Na passada quinta-feira, assistimos a um momento vintage na Assembleia da República, uma manobra fantástica daquele que Álvaro Cunhal denominava, como muitos outros nos pós-25 de abril, de Bloco Central entre os dois gigantes da democracia portuguesa, PS e PSD.
O presidente do PSD, e logo, suposto líder da oposição ao Governo, sendo o PSD o segundo maior partido português hoje, considera que o Primeiro-Ministro precisa de menos escrutínio e foi da sua imaginação que surgiu a proposta de reduzir os debates quinzenais com António Costa a debates bimensais.
O PSD impôs, aliás, disciplina de voto aos seus deputados, tendo 7 ido contra o seu líder parlamentar e votado contra. Na bancada socialista, foram 28 votos contra e 5 abstenções. Logicamente, isto não constituiu obstáculo à vontade de Governo e “oposição”: os votos a favor dos restantes deputados de PS e PSD foram suficientes para aprovar a alteração, apesar do desacordo das restantes bancadas.
As justificações dadas por Rui Rio para a proposta que apresentou deixam um leve sabor a desprezo pela democracia, e pela legitimidade da crítica que a mesma atribui a quem não governa: o líder social-democrata caracterizou os debates quinzenais como sessões de “gritaria” da qual se tiram “soundbytes” e pouco proveito político. Quem ler as suas declarações acerca do tema fica coma ideia de que se trata de tirar o megafone a uma multidão de loucos imbecis.
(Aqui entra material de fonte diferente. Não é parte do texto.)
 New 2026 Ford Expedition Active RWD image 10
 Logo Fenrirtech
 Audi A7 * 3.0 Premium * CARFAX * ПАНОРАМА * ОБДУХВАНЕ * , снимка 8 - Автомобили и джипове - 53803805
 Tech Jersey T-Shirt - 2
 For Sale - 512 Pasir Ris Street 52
Mas não, estamos a falar dos deputados da Assembleia da República, eleitos pelo povo soberano para guiar e debater os destinos da Nação.
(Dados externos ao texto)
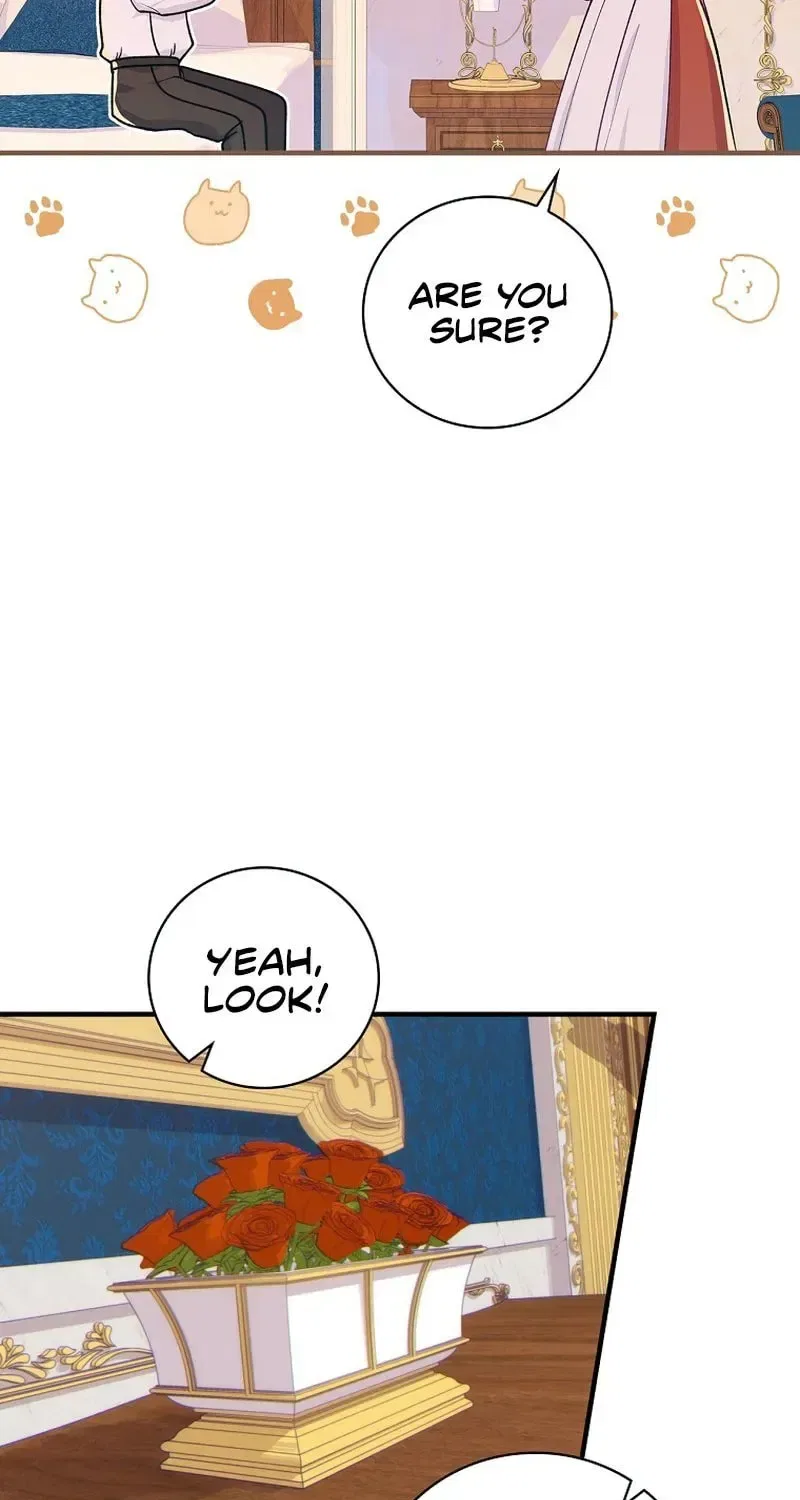 The Frost Flower Knight Chapter 2 – Page 11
Numa fase de decisões, sendo que em 2021 vão entrar 45,1 mil milhões do Fundo de Recuperação da UE em Portugal, PS e PSD decidiram retirar instrumentos de fiscalização e escrutínio à oposição, e por consequência aos cidadãos que pouco tempo têm para se embrenhar na atualidade política a ponto de conhecer por completo a atuação do Governo, e estão para isso dependentes dos deputados que elegeram.
António Costa e o PS terão muito que “trabalhar” como apontou Rio, mas a política não é o lugar indicado para quem o quer fazer na sombra. Esta decisão é um ato de desprezo para com a democracia e para com o povo. Não adianta apelar ao voto e falar do monstro abstencionista se o líder do Governo só tem de responder perante os deputados em quem votámos 6 vezes por ano. O Parlamento é a casa da democracia, não é uma chata reunião de pais/professores que tudo fazemos para evitar, se possível.
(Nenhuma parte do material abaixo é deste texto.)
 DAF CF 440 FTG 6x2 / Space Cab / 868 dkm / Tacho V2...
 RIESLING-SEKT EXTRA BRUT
Mas a proposta de Rui Rio não é apenas mais uma demonstração do seu desgosto pelos instrumentos da democracia, é também mais um sinal da estranha subserviência por parte do PSD desde que o portuense conduz os destinos do partido. Num país em que 2 partidos concentram 80 por cento do eleitorado e supostamente se opõem firmemente, qual não será o espanto dos eleitores sociais-democratas em ver Rui Rio do lado do Governo a cada passo, e mesmo a cada erro, desde o início?
É difícil entender o que move Rui Rio a esta postura de total alinhamento com o PS e António Costa, mas quando a principal oposição ao Governo desiste de fazer oposição e a tenta inclusive limitá-la, aquilo a que assistimos é uma total perda de credibilidade que não deverá ser perdoada nas urnas pelos eleitores de direita. Depois da votação historicamente má do CDS nas últimas legislativas, merecedora do revivalismo da expressão “partido do táxi”, as perspetivas do PSD não são nada boas. Quem agradece é o CHEGA de André Ventura, que vai preenchendo o lugar que o PSD se tem recusado a ocupar: a oposição à direita de um governo socialista. E com estas manobras de cumplicidade do Centrão podemos hoje ver um partido especializado na mais barata demagogia, sem plano económico viável e alimentado apenas pelos medos, inseguranças e frustrações dos portugueses (direcionadas muitas vezes aos culpados mais estapafúrdios) com 7% de intenções de voto e num caminho decrescimento acentuado.
Um aviso: quem não valoriza a democracia ajeita-se a perdê-la.